Got the P/W Nov. 1-3 hunt.
 Anyone else?


----------



## Ga Waters (Sep 5, 2012)

Got rejected. Maybe next year.


----------



## vcd1363 (Sep 6, 2012)

I will be there for the 5th time,,its my favorite hunt.


----------



## snuffy (Sep 6, 2012)

vcd1363 said:


> I will be there for the 5th time,,its my favorite hunt.



One of mine also.
It will be our 4th.


----------



## Flintrock (Sep 6, 2012)

how many rejection notices to yall use and how many are in your party ?
.
I have been building up my rejection notices for years. I plan on actually going some day.


----------



## snuffy (Sep 7, 2012)

Flintrock said:


> how many rejection notices to yall use and how many are in your party ?
> .
> I have been building up my rejection notices for years. I plan on actually going some day.



We had one rejection. Three in our party.
Everybody that hunts need to go to Ossabaw at least once.


----------



## dank1296 (Sep 10, 2012)

i'll be there with vcd1363


----------



## snuffy (Sep 12, 2012)

dank1296 said:


> i'll be there with vcd1363



Have you been before?


----------



## dank1296 (Sep 12, 2012)

3rd time ,killed nice 7 pointer in 08 and couple small hogs. Passed up few small deer in 2010. Nothing like Ossabaw.


----------



## Mac (Sep 13, 2012)

good luck to  ya,  I love the place


----------



## snuffy (Sep 13, 2012)

Mac said:


> good luck to  ya,  I love the place



Thank you Mac.


----------



## bulletless (Sep 13, 2012)

*My first time to Ossabaw*

First trip to Ossabaw, I need some basic information if anyone would like to comment. First, how long is the wait at the marina to get shuttled out to the island? When we get to the dock, how far do I need to move equipment to get to camp and is the camp among the trees so I can stretch a tarp? Is the water drinkable or do I need to bring drinking water? Finally, can I get electricity to blow up an air mattress or would it have to be blown up by mouth? Thanks!


----------



## Mac (Sep 14, 2012)

Do a search many threads of the islands,

Wait according to when you arrive, some folks will sleep in line and arrive the evening before.  I have done this.  My first trip I stayed in Motel and arrived at about 6 AM,  I think I was about last in line.

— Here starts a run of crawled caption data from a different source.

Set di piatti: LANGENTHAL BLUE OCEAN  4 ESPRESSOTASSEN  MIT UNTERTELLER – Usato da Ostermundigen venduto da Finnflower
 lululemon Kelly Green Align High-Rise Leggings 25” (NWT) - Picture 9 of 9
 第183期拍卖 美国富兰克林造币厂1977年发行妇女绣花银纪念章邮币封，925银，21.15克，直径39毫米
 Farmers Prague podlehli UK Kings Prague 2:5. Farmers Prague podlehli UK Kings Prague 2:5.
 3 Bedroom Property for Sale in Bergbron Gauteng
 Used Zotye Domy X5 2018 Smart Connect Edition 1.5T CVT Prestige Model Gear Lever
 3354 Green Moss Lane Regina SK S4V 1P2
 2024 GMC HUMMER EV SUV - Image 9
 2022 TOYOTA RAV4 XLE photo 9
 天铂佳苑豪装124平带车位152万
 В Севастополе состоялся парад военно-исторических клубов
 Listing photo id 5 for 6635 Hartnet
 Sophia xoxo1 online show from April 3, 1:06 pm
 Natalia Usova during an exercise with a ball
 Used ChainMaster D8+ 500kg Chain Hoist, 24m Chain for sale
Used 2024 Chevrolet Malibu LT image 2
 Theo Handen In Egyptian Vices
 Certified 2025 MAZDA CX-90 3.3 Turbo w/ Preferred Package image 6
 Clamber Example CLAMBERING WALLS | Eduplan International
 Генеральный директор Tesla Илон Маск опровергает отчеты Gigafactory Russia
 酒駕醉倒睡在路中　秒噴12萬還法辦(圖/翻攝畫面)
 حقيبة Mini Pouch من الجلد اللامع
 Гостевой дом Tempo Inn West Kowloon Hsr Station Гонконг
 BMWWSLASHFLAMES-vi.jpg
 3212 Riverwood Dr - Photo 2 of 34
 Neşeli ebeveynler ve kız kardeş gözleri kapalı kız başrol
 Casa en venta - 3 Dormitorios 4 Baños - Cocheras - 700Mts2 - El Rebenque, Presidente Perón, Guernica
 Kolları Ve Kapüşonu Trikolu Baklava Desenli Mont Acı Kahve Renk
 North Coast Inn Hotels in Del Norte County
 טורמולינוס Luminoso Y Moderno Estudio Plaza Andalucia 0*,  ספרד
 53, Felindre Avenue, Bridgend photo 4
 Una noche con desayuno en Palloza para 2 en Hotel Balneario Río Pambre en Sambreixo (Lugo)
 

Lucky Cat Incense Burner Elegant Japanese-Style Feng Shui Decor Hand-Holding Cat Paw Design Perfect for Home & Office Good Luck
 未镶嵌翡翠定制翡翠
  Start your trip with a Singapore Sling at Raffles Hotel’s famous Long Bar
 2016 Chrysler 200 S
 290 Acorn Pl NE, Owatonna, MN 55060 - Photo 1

Camp is amount the trees and starts about 100 yards from the end of the dock and goes for about 400 yards and 200 yards wide.  Plenty of space for everyone.  They have big wagons you can load your stuff on and haul to a campsite, but it will take a 1/2 dozen folks to push the thing.
Water is good and electric should not be a problem in the bathroom or near the ranger station for the air mattress.

I always take a small chain saw for firewood.

Great place to go, you will have fun.


----------



## dank1296 (Oct 1, 2012)

Snuffy you getting geared up for Ossabaw


----------



## snuffy (Oct 2, 2012)

dank1296 said:


> Snuffy you getting geared up for Ossabaw



Sure am. And you?


----------



## snuffy (Oct 2, 2012)

If you see these two guys stop by and say hi.


----------



## dank1296 (Oct 2, 2012)

We usually get to Kilkenny around 0200. Will look for yall on island for a cold one.


----------



## snuffy (Oct 3, 2012)

We have no problems with a cold one.


----------